5

I installed mysql and server via yum on my 64bit CentOS 5 server. It starts up fine but when I try to stop it it stalls out and then I have to "Ctrl-C" it. Then I run a "service mysqld status" and it shows:

mysqld dead but subsys locked

I run ps aux and mysql is nowhere to be found. Starting mysqld again via "service mysqld start" works fine. Attempting to stop it creates the same problem.

I then realized that /var/lock/subsys/mysqld still exist. When running mysqld I checked /var/run/mysqld/mysqld.pid and it matched with the pid of the running service.

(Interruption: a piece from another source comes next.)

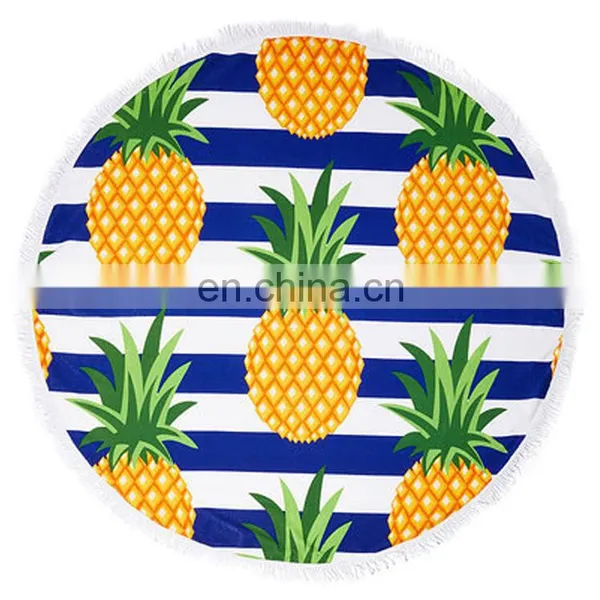P0037 Pineaaple Round 'Roundie' Beach Towel Microfiber With Tassels Dia 1.5 Meter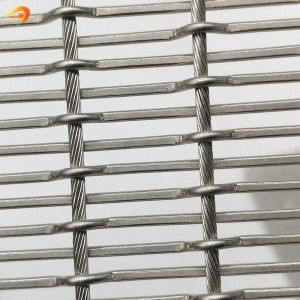 Crimped Type Woven Wire Fabric Decorative Metal Facade Mesh for Curtain Wall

I tried reinstalling mysql and deleting all files and configs but to no avail.

What to do?

EDIT:

I added some echo statements in the /etc/init.d/mysqld file, particularly in the stop function:

stop(){
        if [ ! -f "$mypidfile" ]; then
            # not running; per LSB standards this is "ok"
            action $"Stopping $prog: " /bin/true
            return 0
        fi  
        echo "beginning stop sequence"
        MYSQLPID=`cat "$mypidfile"`
        if [ -n "$MYSQLPID" ]; then
            /bin/kill "$MYSQLPID" >/dev/null 2>&1
            echo "killing pid $MYSQLPID"
            ret=$?
            if [ $ret -eq 0 ]; then
                echo "return code $ret after kill attempt"
                TIMEOUT="$STOPTIMEOUT"
                echo "timeout is set to $STOPTIMEOUT"
                while [ $TIMEOUT -gt 0 ]; do
                    /bin/kill -0 "$MYSQLPID" >/dev/null 2>&1 || break
                    sleep 1
                    let TIMEOUT=${TIMEOUT}-1
                    echo "timeout is now $TIMEOUT"
                done
                if [ $TIMEOUT -eq 0 ]; then
                    echo "Timeout error occurred trying to stop MySQL Daemon."
                    ret=1
                    action $"Stopping $prog: " /bin/false
                else
                    echo "attempting to del lockfile: $lockfile"
                    rm -f $lockfile
                    rm -f "$socketfile"
                    action $"Stopping $prog: " /bin/true
                fi
            else
                action $"Stopping $prog: " /bin/false
            fi
        else
            # failed to read pidfile, probably insufficient permissions
            action $"Stopping $prog: " /bin/false
            ret=4
        fi
        return $ret
}

This is the result I get when I try to stop the service:

[root@server]# service mysqld stop
beginning stop sequence
killing pid 9145
return code 0 after kill attempt
timeout is set to 60
timeout is now 59
timeout is now 58
timeout is now 57
timeout is now 56
timeout is now 55
timeout is now 54
timeout is now 53
timeout is now 52
timeout is now 51
timeout is now 50
timeout is now 49

From looking at the code it seems to me that it will never break out of that while loop and will not be able to delete the lock file. Am I interpreting this wrong? I checked the same file on my other server and it uses the same code. I am dumbfounded.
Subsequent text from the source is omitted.